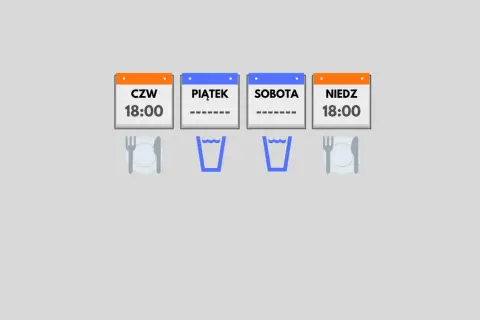 Czwartek, piątek, sobota i niedziela, każdy dzień o 18:00 to czas na posiłek. Post 24 godzinny.
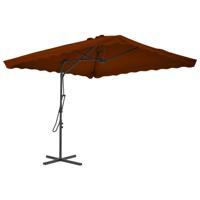 VidaXL Parasol met stalen paal 250x250x230 cm terracottakleurig - thumbnail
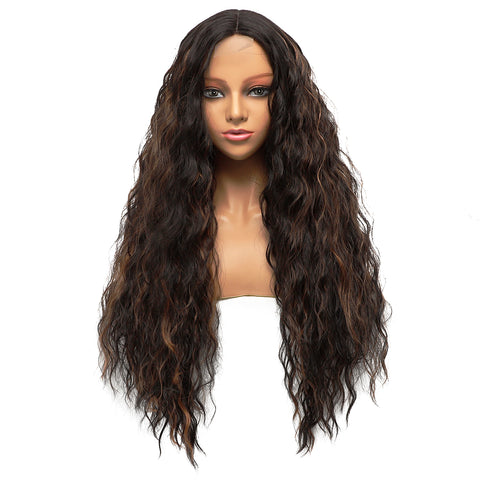 Vomella Highlight Color Curly Wig 30 Inch Middled Part Wig for Women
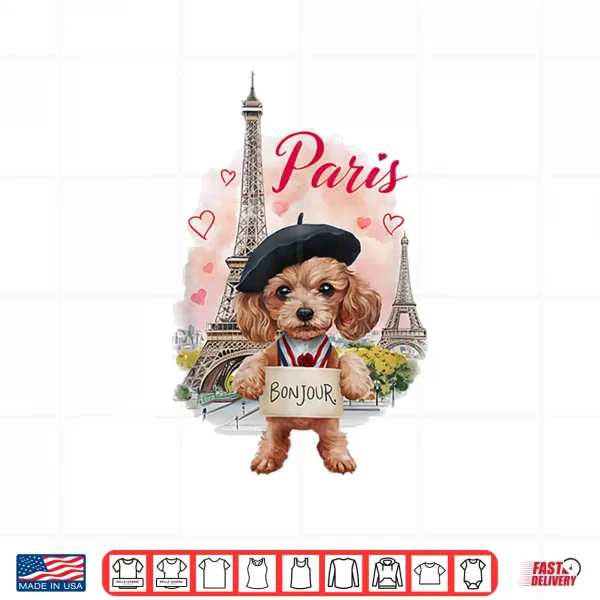 Design Cute Parisian Poodle with Eiffel Tower Bonjour French Boys Shirt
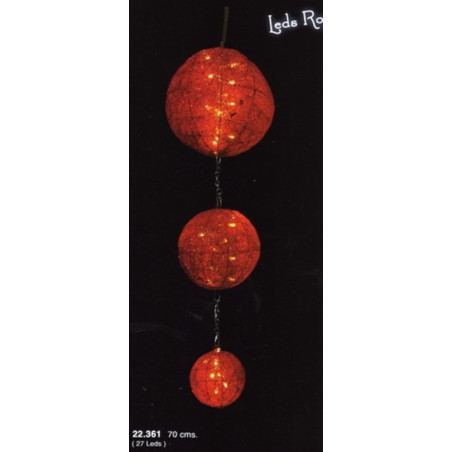 LUCES LED 27 FIJA ROJA COLGANTE 3 BOLAS PILAS 22361 ^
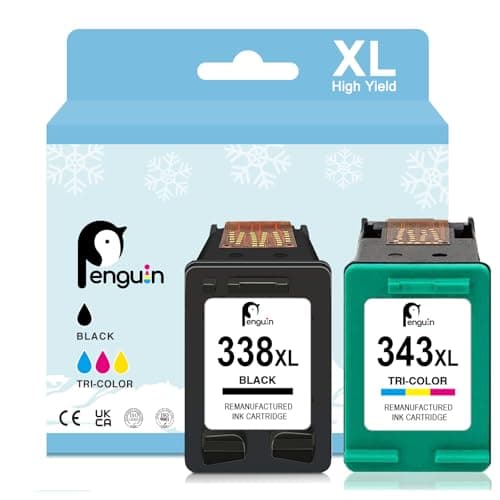 Image of Penguin 338 343 XL Ink Cartridge Replacement for HP 338 343 Compatible with HP Officejet 212 5740 6210 100 150 Photosmart 2610 Deskjet 460 9800 PSC 1610 2355 2575 Black Colour
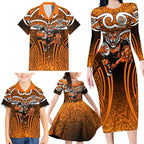 Wests Tigers Rugby Family Matching Long Sleeve Bodycon Dress and Hawaiian Shirt Polynesian Tribal Tiger Warrior Orange Black Pattern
---
● **Exercise aim**
Nothing in the records should be changed in the copy, but the pictures must be left out.

● **Response below**
 Czwartek, piątek, sobota i niedziela, każdy dzień o 18:00 to czas na posiłek. Post 24 godzinny.
 VidaXL Parasol met stalen paal 250x250x230 cm terracottakleurig - thumbnail
 Vomella Highlight Color Curly Wig 30 Inch Middled Part Wig for Women
 Design Cute Parisian Poodle with Eiffel Tower Bonjour French Boys Shirt
 LUCES LED 27 FIJA ROJA COLGANTE 3 BOLAS PILAS 22361 ^
 Image of Penguin 338 343 XL Ink Cartridge Replacement for HP 338 343 Compatible with HP Officejet 212 5740 6210 100 150 Photosmart 2610 Deskjet 460 9800 PSC 1610 2355 2575 Black Colour
 Wests Tigers Rugby Family Matching Long Sleeve Bodycon Dress and Hawaiian Shirt Polynesian Tribal Tiger Warrior Orange Black Pattern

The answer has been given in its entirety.